3 Replies Latest reply on Jul 9, 2008 2:06 PM by bayoumi

    double precision FP again

      I have seen several threads regarding issues with doubles (including my own), and I started to be confused. The summary is:
      1- Transcendentals such as exp, log, pow, sin, ... etc are still float then type casted
      2- One topic talked about brcc in general truncating doubles from both kernels and C++, and a workaround proposed
      3- In my own tests, I have seen that basic add/sub/mult/div did not give any precision errors using brcc, compared to regular 64b CPUs. This is different from what has been reported in # 2 above
      4- I never got brcc with brt mode =CPU to work when I use doubles as constants or even when I typecast float constants to doubles. It could be me ...

      Can someone summarize the whole issue?

      1- Is this an SDK issue (i.e. will be fixed anytime soon) or a hardware issue with the ASIC architecture (i.e. no solution soon)?
      2- Is there any workarounds or new releases which can get us "real" FP on all kernels (trans. & basic maths)?

      I have seen in the posts people doing matrix factorizations (including myself), and those tend to be very sensitive to precision for large scale problems


        • double precision FP again

          Hi Amr,

          Not from AMD, but here is my perception about the issues you mentioned :

          1- Yes, there is currently no implementation of double precision transcendentals in hardware nor in software. Hopefully AMD will release a software implementation soon...

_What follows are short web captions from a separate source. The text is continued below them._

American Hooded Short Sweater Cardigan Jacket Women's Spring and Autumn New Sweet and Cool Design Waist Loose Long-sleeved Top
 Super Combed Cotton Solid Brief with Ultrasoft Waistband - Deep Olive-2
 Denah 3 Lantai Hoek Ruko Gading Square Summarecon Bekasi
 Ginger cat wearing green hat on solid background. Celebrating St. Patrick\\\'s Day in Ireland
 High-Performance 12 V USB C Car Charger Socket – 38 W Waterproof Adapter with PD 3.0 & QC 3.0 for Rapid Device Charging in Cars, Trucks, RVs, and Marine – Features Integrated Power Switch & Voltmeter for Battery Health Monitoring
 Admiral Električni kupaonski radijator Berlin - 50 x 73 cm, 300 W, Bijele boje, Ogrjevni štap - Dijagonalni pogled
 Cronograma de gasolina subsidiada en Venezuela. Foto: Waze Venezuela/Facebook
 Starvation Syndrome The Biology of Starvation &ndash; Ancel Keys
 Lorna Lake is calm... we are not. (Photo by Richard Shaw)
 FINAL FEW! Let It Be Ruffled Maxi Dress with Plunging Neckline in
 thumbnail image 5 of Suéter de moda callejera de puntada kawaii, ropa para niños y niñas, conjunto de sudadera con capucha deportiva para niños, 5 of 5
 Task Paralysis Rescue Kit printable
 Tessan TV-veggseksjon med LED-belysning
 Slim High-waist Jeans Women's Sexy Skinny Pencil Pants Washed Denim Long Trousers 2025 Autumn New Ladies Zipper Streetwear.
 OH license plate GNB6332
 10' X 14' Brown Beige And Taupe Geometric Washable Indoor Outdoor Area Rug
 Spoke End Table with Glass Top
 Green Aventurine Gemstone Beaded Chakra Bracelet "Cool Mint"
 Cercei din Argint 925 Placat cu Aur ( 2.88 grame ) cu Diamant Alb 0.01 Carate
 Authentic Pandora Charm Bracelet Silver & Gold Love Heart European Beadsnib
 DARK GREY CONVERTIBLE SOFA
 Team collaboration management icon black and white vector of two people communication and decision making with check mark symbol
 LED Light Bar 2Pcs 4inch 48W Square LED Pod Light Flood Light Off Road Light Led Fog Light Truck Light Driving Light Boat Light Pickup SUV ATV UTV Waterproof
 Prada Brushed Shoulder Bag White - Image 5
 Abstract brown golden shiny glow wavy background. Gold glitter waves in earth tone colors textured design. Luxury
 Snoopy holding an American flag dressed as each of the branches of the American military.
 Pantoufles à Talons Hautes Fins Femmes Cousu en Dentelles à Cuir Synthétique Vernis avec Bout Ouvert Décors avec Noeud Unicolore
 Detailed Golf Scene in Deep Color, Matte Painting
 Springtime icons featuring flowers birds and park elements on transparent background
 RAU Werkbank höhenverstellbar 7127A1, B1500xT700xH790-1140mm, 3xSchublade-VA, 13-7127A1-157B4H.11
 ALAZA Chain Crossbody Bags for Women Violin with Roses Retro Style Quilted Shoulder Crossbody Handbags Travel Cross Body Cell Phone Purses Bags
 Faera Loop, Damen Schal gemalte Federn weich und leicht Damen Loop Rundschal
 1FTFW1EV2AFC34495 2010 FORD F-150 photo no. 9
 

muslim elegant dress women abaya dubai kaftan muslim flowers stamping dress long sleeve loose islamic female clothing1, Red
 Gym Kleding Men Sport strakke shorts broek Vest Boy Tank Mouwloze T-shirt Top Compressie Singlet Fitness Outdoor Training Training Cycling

          2- The topic you mentioned was about floating-point constants in the code. That is, if you write

          double a = 1.23456789012345;

          it will be truncated to something like

          double a = 1.2345679f;

          Passing double variables using function parameters, stream or constant memory should work correctly.

          3- From my own tests on a 3850, it appears that the double precision MAD is actually fused (computes a*b+c exactly, then rounds at the end), though I have not seen it mentioned anywhere. So you might end up with a result more precise than on the CPU if you use it.

          DP division is implemented in software using the fused MAD (FMA), but does not seem to provide correct rounding in every case, so it may yield different results than the CPU.


            • double precision FP again

              Hi there,

              I did ask about rounding modes a little while ago in this post.

              The suggestion there was that mads weren't fused but that the multiplication wasn't truncated either (i.e. a mad is just the same as a rounded mul followed by a rounded add). I tested this just recently for single precision and this was indeed what happened, but I didn't try double precision. If it is fused then that'd be great!

            • double precision FP again
              thank you everyone for your replies.
              I hope also someone from AMD would clear these issues you have raised, specially how does the actual hardware does both transcendental and basic DP maths.
              BTW, does the 4870 exepct to have a change in the DP FP math hardware?